More than one in three riders has been injured on the job, with the vast majority (80%) receiving no support from their company.

Click here for the full court transcript and highlighted quotes.

Click here for the full transcript: Uber transcript

The Federal Court judges took a sceptical view of Uber's contention that:


It was not involved in delivery work (J Bromberg: "Except Uber has a longstanding reputation, if you like, in the transport business", "The very name Uber would convey to the ordinary person some form of transportation service; wouldn't it?")
It does not pay its drivers (Uber lawyer: "So, yes, physically the money - the money - physically, electronically, the money passes from the credit card of the customer into Uber's hands before - and is then held by Uber. Uber deducts its service fee and pays the restaurant - the service fee that it charges the restaurant for the services that it has rendered in bringing the customer and the restaurant and the delivery partner together.")
Its delivery drivers are neither employees nor independent contractors (J Bromberg: "is your case dependent upon the court finding that, not only is there not a relationship of employee between the worker and Uber, but also that there's not a relationship of independent contractor between the worker and Uber."
It has no idea what the relationship with them isJ White: "Your client has drawn up this careful contract with all these provisions in it, and either does not have a view as to what is the correct characterisation of the relationship or is not willing to disclose it to this court.")
Its drivers are independent contractors without businesses J Bromberg: "Well, that's a question for legal characterisation. But you say that you can be an independent contractor and not have a business? I can understand if you said an independent contractor can be someone with a very simple business. But the facts here seem to be, and they seem to be accepted, that the applicant does not have a business. Can you be an independent contractor without a business?"
Its drivers have so little relationship to Uber that they can accept to deliver a meal and then steal it J Bromberg: "It's a bit hard to imagine, Mr Neil - whether the driver is an employee or an independent contractor, it's just a bit hard to imagine that Uber would continue to provide tasks for a person who keeps absconding with the meal."
That delivery riders can negotiate their fee with Uber - though only for a lower rate J White: "Who specifies the fee? Uber lawyer: " In general terms, it's specified, effectively, by Uber. But the delivery the capacity to negotiate a lower fee."
Whether Uber's efforts through its contracts to distance itself from its drivers actually bear out in reality J White: "Again, I'm just wondering whether we're operating in the real world."


----------



## UberDriverAU (Nov 4, 2015)

It's very good to see some really tough questioning from real judges, rather than the bs that had been going on at the FWC. The FWC really needs to brush up on relevant court judgments, because as the transcripts show, this should not have gotten so far into the court system. I can just imagine the field day the Justices would have had if they were required to publish a judgment.


----------



## Jack Malarkey (Jan 11, 2016)

Michael West:

https://www.michaelwest.com.au/uber-xploitation-ubers-secret-settlement-presages-a-wave-of-lawsuits/
[HEADING=2]Uber Xploitation: Uber's secret settlement presages a wave of lawsuits[/HEADING]
by Callum Foote | Jan 25, 2021 | Business

The Government's fetish for deregulation plays right into the hands of predatory multinationals Uber and Deliveroo which exploit both Australia's tax and labour laws to siphon profits overseas. Michael West and Callum Foote report on Uber's exploitation and the prospective tsunami of lawsuits rolling its way.

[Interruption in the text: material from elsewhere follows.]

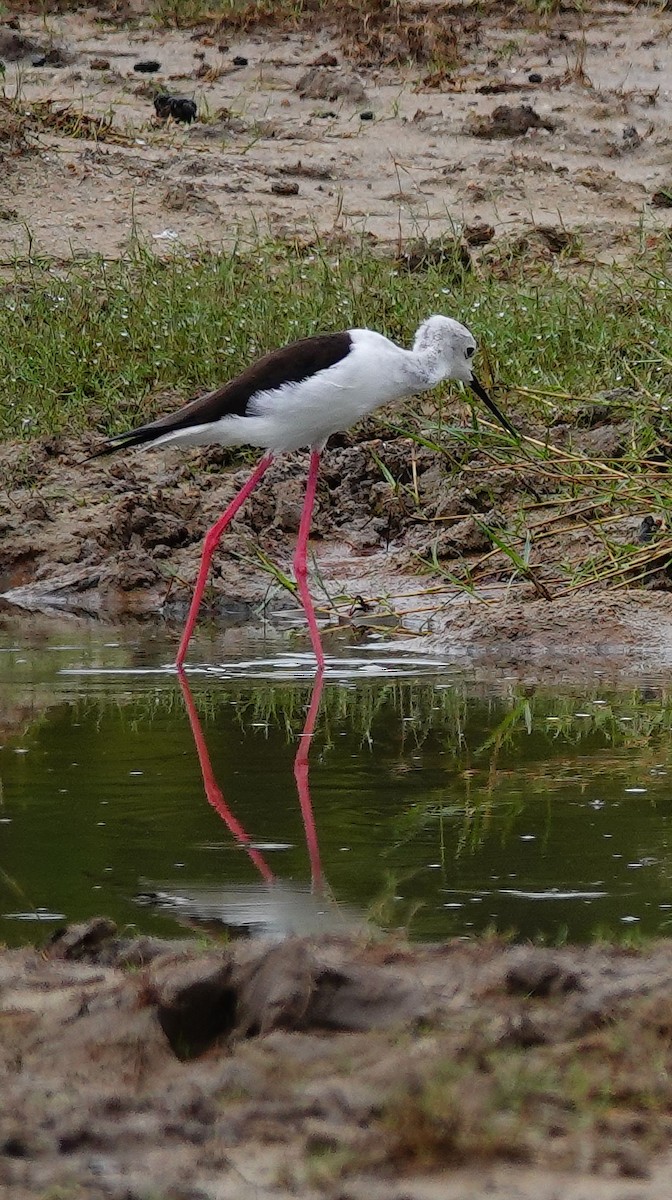 Cigüeñuela Común - ML647673230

Picture the Uber or Deliveroo driver belting down the expressway in the pouring rain on a moped. It's night time, the trucks are whizzing past. The rider is hell-bent on getting that pizza to its destination on time and getting that $15 fee. No sick leave for this worker: no holiday leave either, no superannuation, no workplace cover, no insurance.

This poor sod is not a worker though, rather a partner, yes a "partner" of Uber. Not an employee, not really even a contractor - that's too legally binding for Uber - rather, a "Partner".

On the one side of this uniquely dubious "partnership", there is Uber, a multinational colossus with its slick hedge fund financiers, its billions in capital, its phalanx of lawyers and accountants, its PR people and government lobbyists.

On the other side of this "partnership" is the person on the moped in the wet-weather gear.
[HEADING=3]Uber settles out of court[/HEADING]
Last month, cloaked in the media darkness of Christmas, Uber Australia quietly agreed to settle a lawsuit out of court with a couple of its delivery drivers, its so-called "partners".

The details of the deal are a secret, precisely the way Uber likes it.

Sources associated with the case say the judge was close to handing Uber an adverse judgement. Such a legal precedent, in public in an Australian court, would have precipitated a rash of similar lawsuits and threatened the company's 'free enterprise' treatment of its drivers and food delivery workers.

In 2019, Amita Gupta, who together with her husband had made more than 2,000 deliveries between 2017 and 2019, was fired for being 10 minutes late to a delivery.

With backing from the Transport Workers Union (TWU), Mrs Gupta took the case to the Federal Court where Uber made a confidential out-of-court settlement before a decision could be made.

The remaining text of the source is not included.